Il hoche lentement la tête, ce qui me donne vraiment envie de le secouer pour le réveiller, pour de bon cette fois.
— Elle m'a laissé ça en me disant de le donner à celui de vous quatre qui serait le plus à même de le comprendre.
Je regarde mes amis en haussant un sourcil, mais ils sont aussi étonnés que moi. Je décide de me rasseoir.
— Comprendre qui ? je demande.
— Comprendre quoi, me corrige-t-il.
Il soulève le couvercle de la boîte et en extirpe un petit pendentif : un croissant de lune argenté qui semble embrasser un soleil doré. Hugo se penche en avant, l'air intéressé.
— Je suppose qu'on peut les détacher, dit-il.

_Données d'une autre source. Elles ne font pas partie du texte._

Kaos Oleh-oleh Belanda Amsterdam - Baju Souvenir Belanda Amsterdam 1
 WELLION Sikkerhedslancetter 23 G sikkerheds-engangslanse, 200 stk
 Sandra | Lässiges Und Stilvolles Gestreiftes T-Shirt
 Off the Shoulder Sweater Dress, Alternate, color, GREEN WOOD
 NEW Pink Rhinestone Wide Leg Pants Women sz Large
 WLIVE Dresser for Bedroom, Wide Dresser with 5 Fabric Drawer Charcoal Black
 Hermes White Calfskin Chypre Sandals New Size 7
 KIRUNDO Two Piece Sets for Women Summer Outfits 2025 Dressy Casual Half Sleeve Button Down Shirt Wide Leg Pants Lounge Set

Le notaire hoche la tête pour approuver ses propos. Hugo se renfonce dans son siège, à côté de Guillaume, et semble étrangement serein lorsqu'il déclare :
— La lune représente Monique. Le soleil, Victor.
Deux astres inséparables et à la fois étrangement opposés.
Je jette un regard en coin à Guillaume et Emma alors que l'homme face à nous se penche sur un petit papier au fond de la boîte à bijoux.
— C'est exact, finit-il par dire.
Et je ne peux m'empêcher d'éclater de rire, presque jusqu'aux larmes.
— Qu'est-ce qu'il y a de drôle ?
Hugo me fixe avec un air courroucé. Je ne peux m'empêcher d'afficher un rictus condescendant lorsque je réponds :
— Si Monique avait su que c'est toi qui répondrais, je crois qu'elle se serait tapé le front contre un meuble.
Déconcerté, le notaire tend le boîtier à Hugo alors que nous éclatons tous de rire. De cela je suis certaine, Monique ne cessera jamais de nous hanter. Tout comme la lune hante nos nuits et le soleil, nos jours.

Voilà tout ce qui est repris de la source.